An aluminium rod of length 50 cm whose mass per unit length is 0.15 kg/m is joined with a steel rod of length 50 cm whose mass per unit length is 0.45 kg/m as shown in the figure below.

At what point should the rod be supported so that it remains in equilibrium horizontally?

Given,

• Length of aluminium rod = 50 cm = 0.5 m
• Length of steel rod = 50 cm = 0.5 m
• Mass per unit length of aluminium rod = 0.15 kg m^-1
• Mass per unit length of steel rod = 0.45 kg m^-1

Let, the rod is balanced at point which is at a distance of x cm from aluminium rod's end as shown below.

Then,

Mass of aluminium rod = 0.15 x 0.5 = 0.075 kg

And

Mass of steel rod = 0.45 x 0.5 = 0.225 kg

Since mass of steel rod is greater than the mass of aluminium rod which means the equilibrium point must be towards steel end.

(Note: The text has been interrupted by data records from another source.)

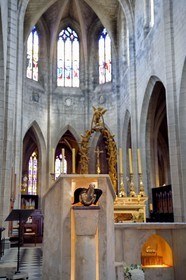 France, Cantal (15), Saint-Flour, cathédrale Saint-Pierre, le mobilier liturgique a été réalisé par l'orfèvre et sculpteur géorgien Goudji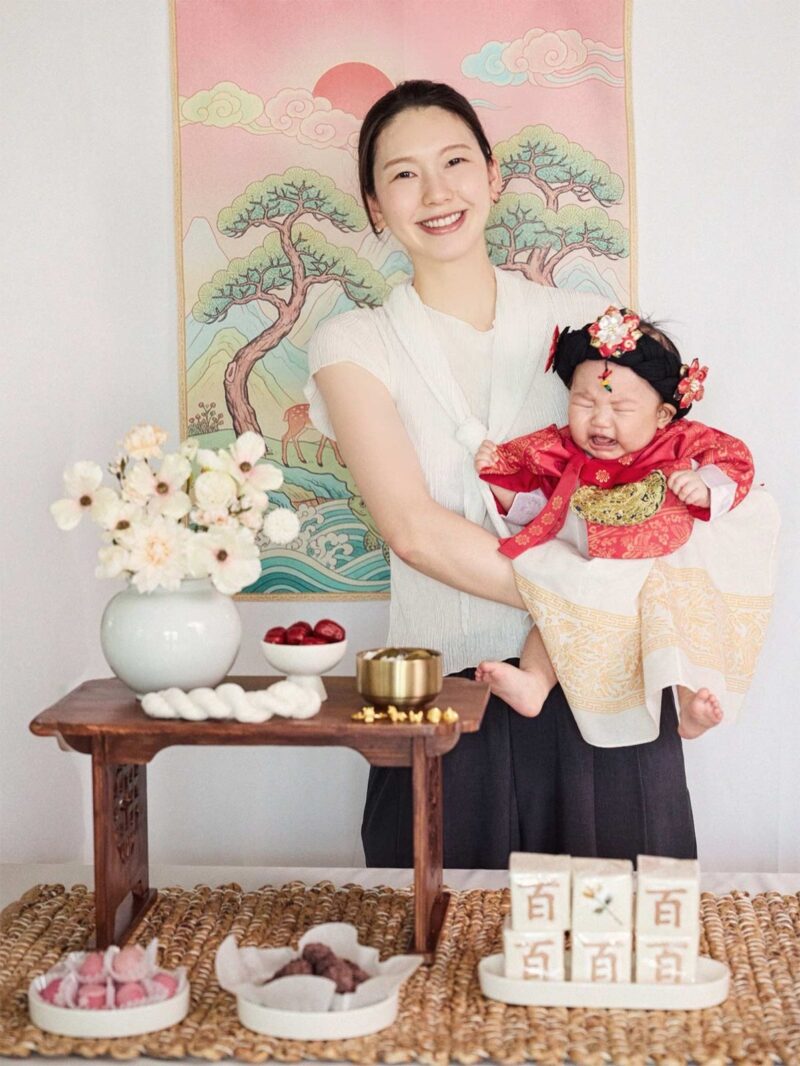 夫が海外勤務のため、一人で出産・百日祝いをこなした芸能人妻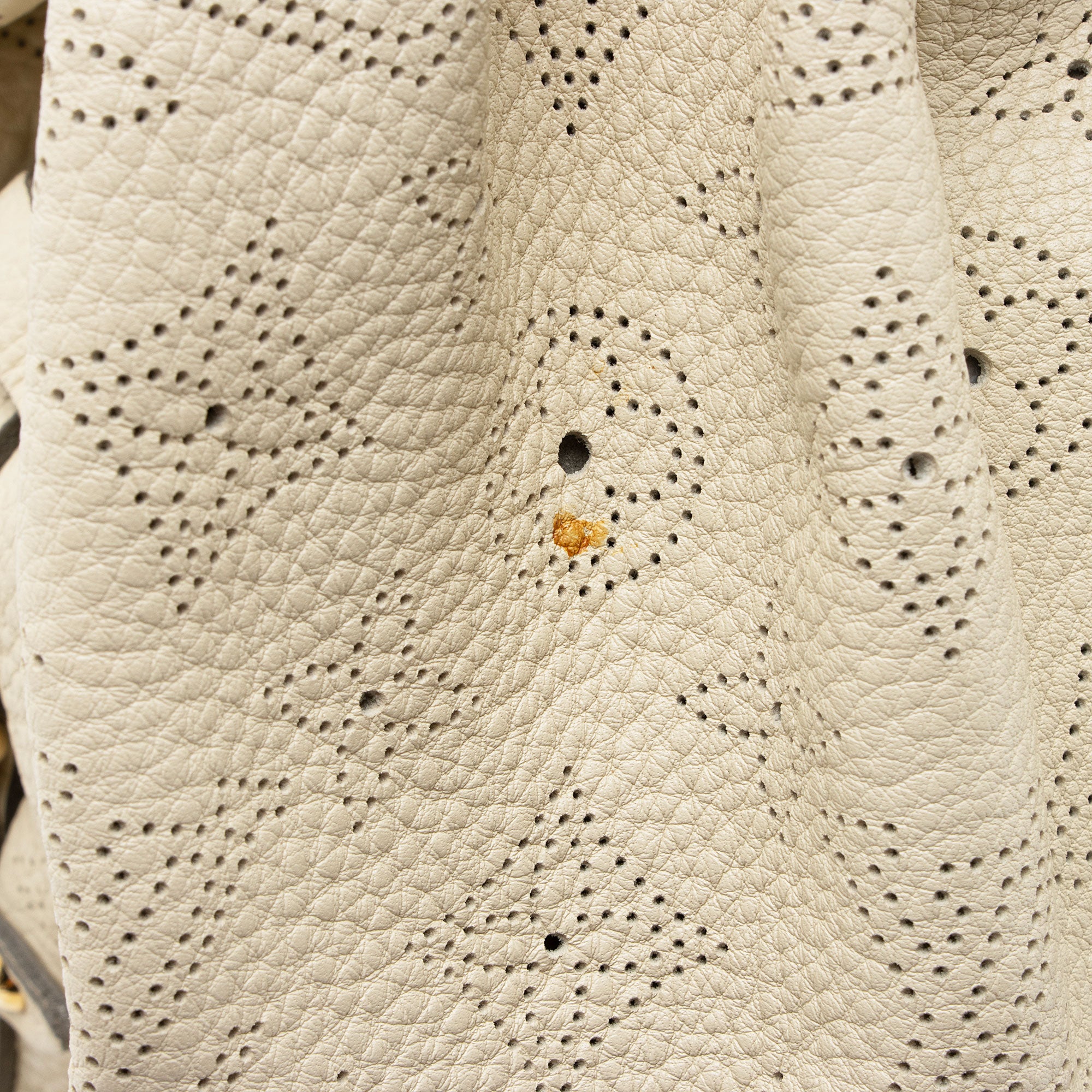 Louis Vuitton Mahina Leather XL Hobo (SHF-XqaxdJ)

Also, weight of each rod is situated at its mid point i.e., at 25 cm of each rod.

So,

Perpendicular distance for aluminium rod = (x - 25) cm

and

Perpendicular distance for steel rod = (75 - x) cm

Now,

Anticlockwise moment of force due to aluminium rod = 0.075 x (x - 25) kg cm

and

Clockwise moment of force due to steel rod = 0.225 x (75 - x) kg cm

For equilibrium,

Anticlockwise moment of force due to aluminium rod = Clockwise moment of force due to steel rod

$0.075 \times (\text x - 25) = 0.225 \times (75 - \text x) \\[1em] \Rightarrow \text x - 25 = \dfrac{0.225}{0.075} \times (75 - \text x) \\[1em] \Rightarrow \text x - 25 = \dfrac{225}{75} \times (75 - \text x) \\[1em] \Rightarrow \text x - 25 = 3 \times (75 - \text x) \\[1em] \Rightarrow \text x - 25 = 225 - 3\text x \\[1em] \Rightarrow \text x + 3\text x = 225 + 25 \\[1em] \Rightarrow 4\text x = 250 \\[1em] \Rightarrow \text x = \dfrac{250}{4} \\[1em] \Rightarrow \text x = 62.5 \text { cm} \\[1em]$

Hence, the rod should be supported at 62.5 cm mark from aluminium end so that it remains in equilibrium horizontally.